Still the most significant technology that Apple and Google have provided in the last couple of years is end-to-end encryption of communnications between mobile devices. The New York Times today notes that Federal spies and law enforcement are trying to force the companies to roll back encrytion, but so far the companies are standing firm. From the Times:
In an investigation involving guns and drugs, the Justice Department obtained a court order this summer demanding that Apple turn over, in real time, text messages between suspects using iPhones.
Apple's response: Its iMessage system was encrypted and the company could not comply.
Government officials had warned for months that this type of standoff was inevitable as technology companies like Apple and Google embraced tougher encryption. The case, coming after several others in which similar requests were rebuffed, prompted some senior Justice Department and F.B.I. officials to advocate taking Apple to court, several current and former law enforcement officials said.
The Times is also reporting the Feds efforts to get Microsoft to turn over data that is stored on the company's servers in Ireland.

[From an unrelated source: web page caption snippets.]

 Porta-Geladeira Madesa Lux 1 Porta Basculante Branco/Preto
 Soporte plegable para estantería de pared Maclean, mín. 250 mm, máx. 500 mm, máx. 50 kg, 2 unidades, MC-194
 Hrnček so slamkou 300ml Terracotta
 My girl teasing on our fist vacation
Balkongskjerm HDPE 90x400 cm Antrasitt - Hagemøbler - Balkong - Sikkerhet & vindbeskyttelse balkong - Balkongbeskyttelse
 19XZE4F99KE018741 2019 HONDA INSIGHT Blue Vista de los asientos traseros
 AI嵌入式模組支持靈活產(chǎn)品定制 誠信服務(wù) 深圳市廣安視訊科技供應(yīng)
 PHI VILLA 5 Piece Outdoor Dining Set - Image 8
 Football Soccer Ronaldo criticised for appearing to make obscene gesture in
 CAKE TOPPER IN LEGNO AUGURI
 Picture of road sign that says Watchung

The company makes the excellent point that if the American government can force access to data stored overseas, then the Chinese, Russian, and Saudi Arabian governments will use that precedent to demand access to information stored on servers in the U.S.

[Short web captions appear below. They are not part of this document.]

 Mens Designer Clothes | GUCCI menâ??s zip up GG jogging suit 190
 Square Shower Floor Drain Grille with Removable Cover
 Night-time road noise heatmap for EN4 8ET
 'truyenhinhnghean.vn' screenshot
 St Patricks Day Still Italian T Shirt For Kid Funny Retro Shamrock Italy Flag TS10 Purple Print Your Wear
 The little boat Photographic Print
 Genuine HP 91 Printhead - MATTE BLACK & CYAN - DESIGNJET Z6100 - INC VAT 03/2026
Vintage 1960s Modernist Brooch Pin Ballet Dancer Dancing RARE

Finally, the Times observes:
"There's another attack on our civil liberties that we see heating up every day — it's the battle over encryption," Timothy D. Cook, the company's chief executive, told a conference on electronic privacy this year. "We think this is incredibly dangerous."
Echoing the arguments of industry experts, he added, "If you put a key under the mat for the cops, a burglar can find it, too." If criminals or countries "know there's a key hidden somewhere, they won't stop until they find it," he concluded.
If so, then the law needs to be changed. Ultimately, a secure internet is in the best interests of liberty.